YOUR GOAL = Which lines run from the one containing "Audi A4 S4 B5" through the last line of the records? Copy them exactly, leaving pictures out.

INPUT RECORDS =
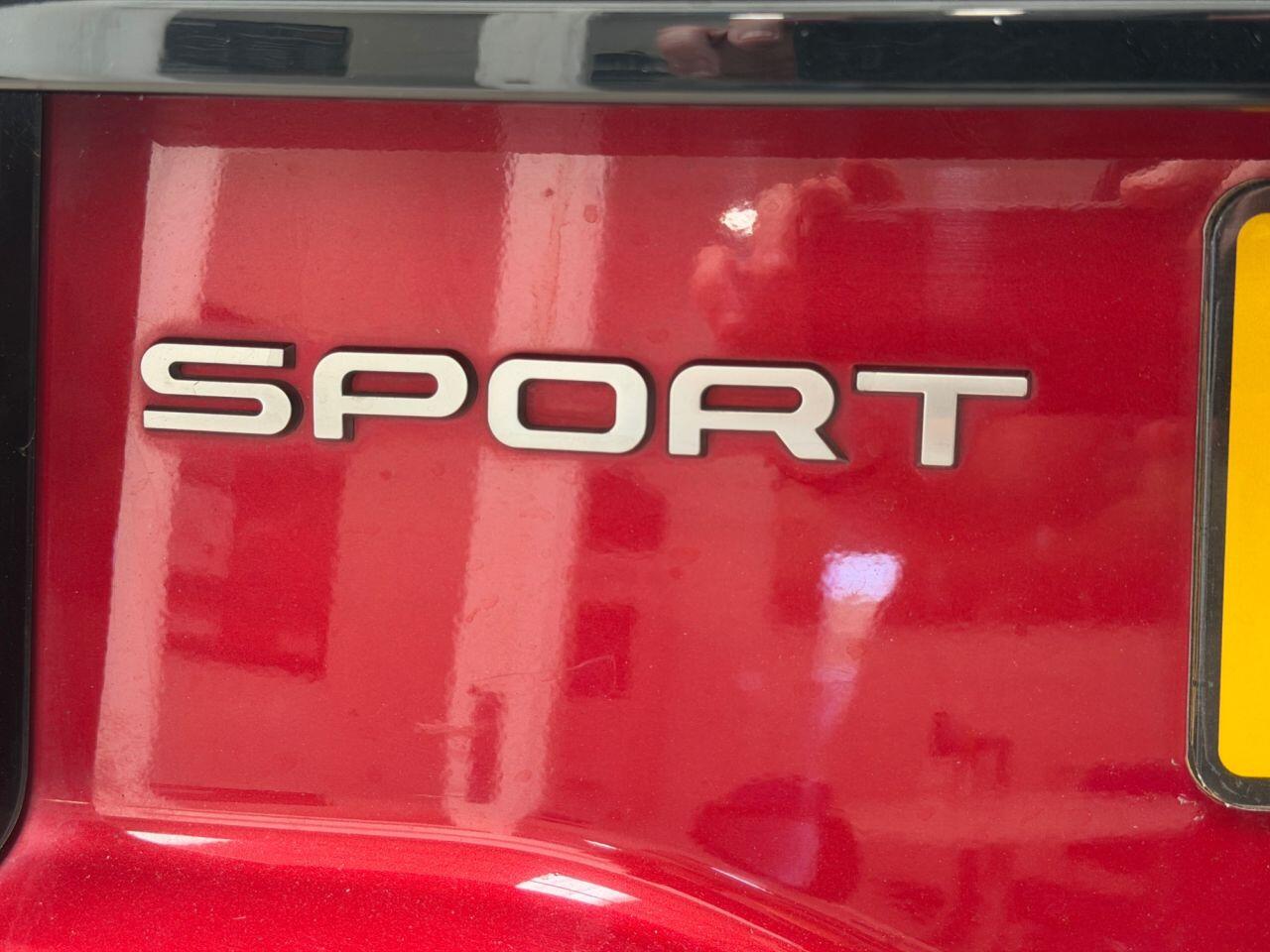 Land Rover Discovery Sport view 31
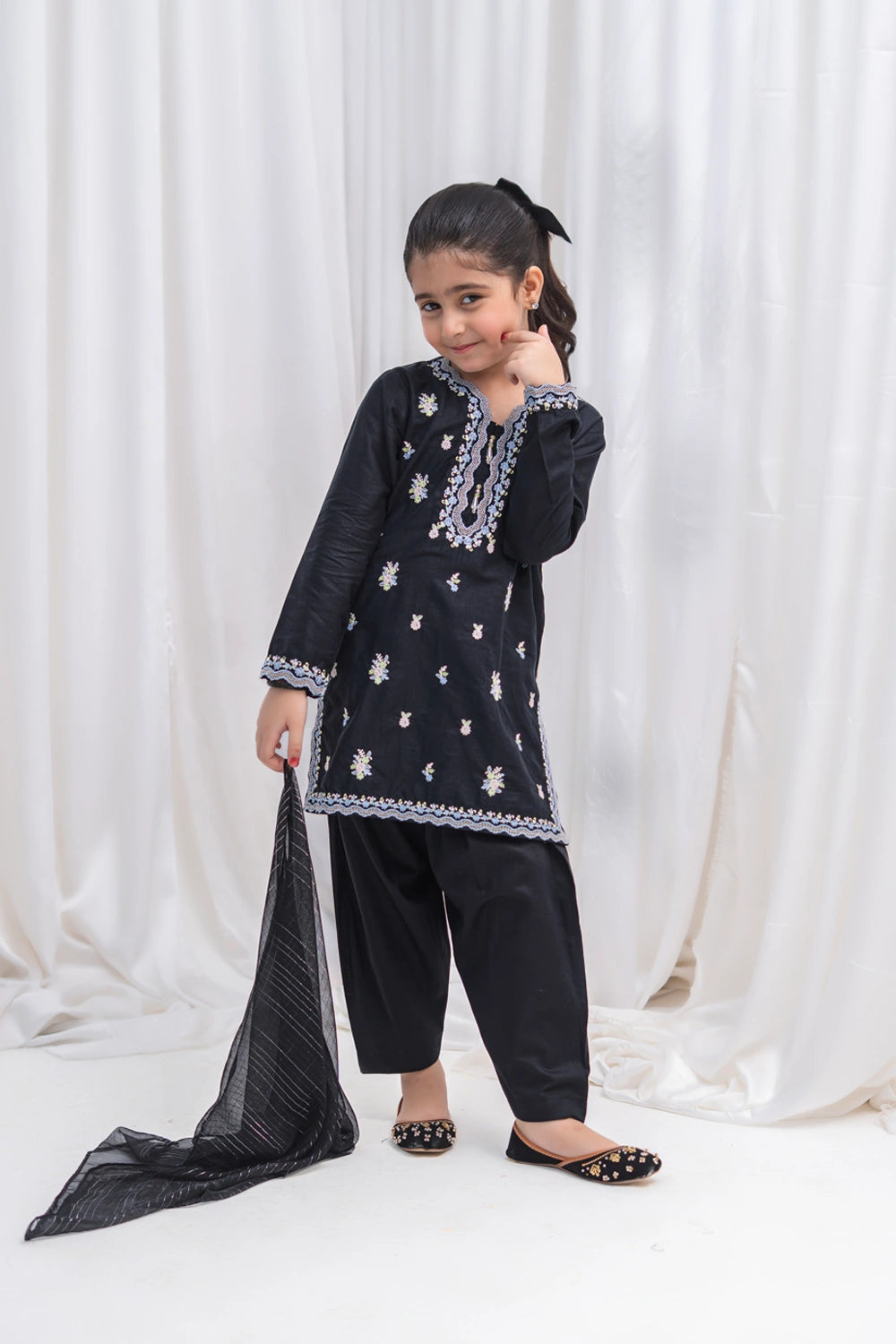 Girls Black Embroidered Lawn Kurta Set 3 Piece K-SFC-S26-012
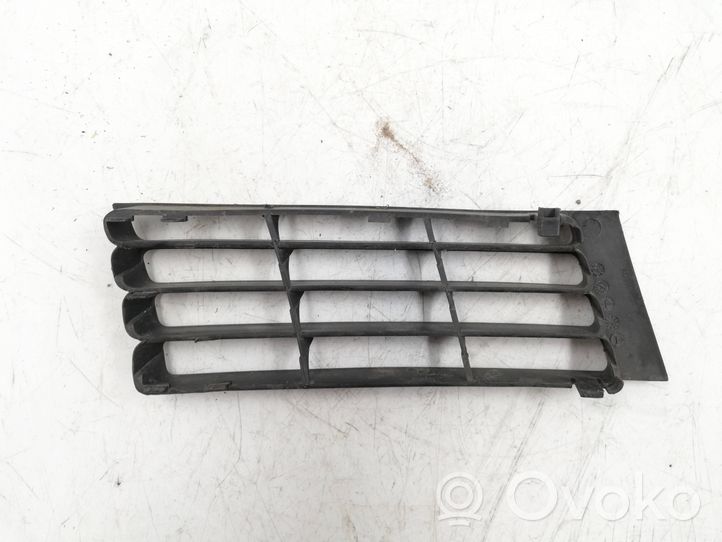 Audi A4 S4 B5 8D Grille inférieure de pare-chocs avant AD9901501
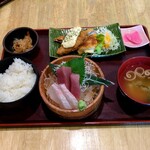 新大阪 海鮮食堂 おーうえすと - 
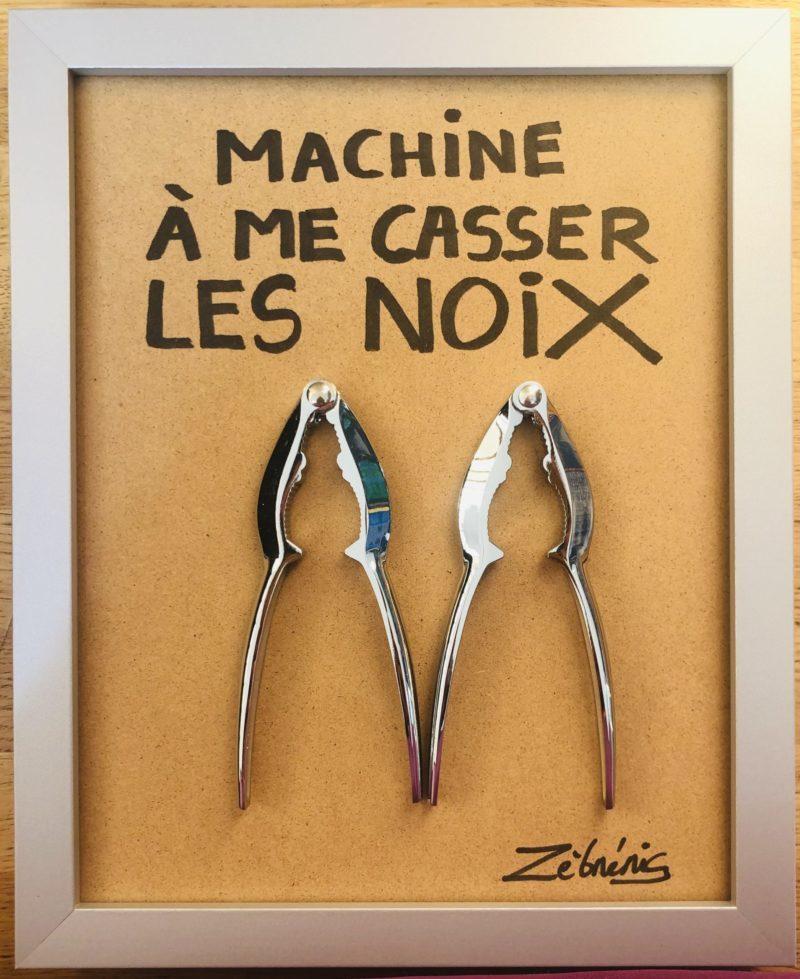 «Machine à me casser les noix » objet rigolo du dimanche. Pièce N*337 du #petitmuséerigolo de #zèbréric #objets #objetsdétournés #humour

COMPLETED EXERCISE =
 Audi A4 S4 B5 8D Grille inférieure de pare-chocs avant AD9901501
 新大阪 海鮮食堂 おーうえすと - 
 «Machine à me casser les noix » objet rigolo du dimanche. Pièce N*337 du #petitmuséerigolo de #zèbréric #objets #objetsdétournés #humour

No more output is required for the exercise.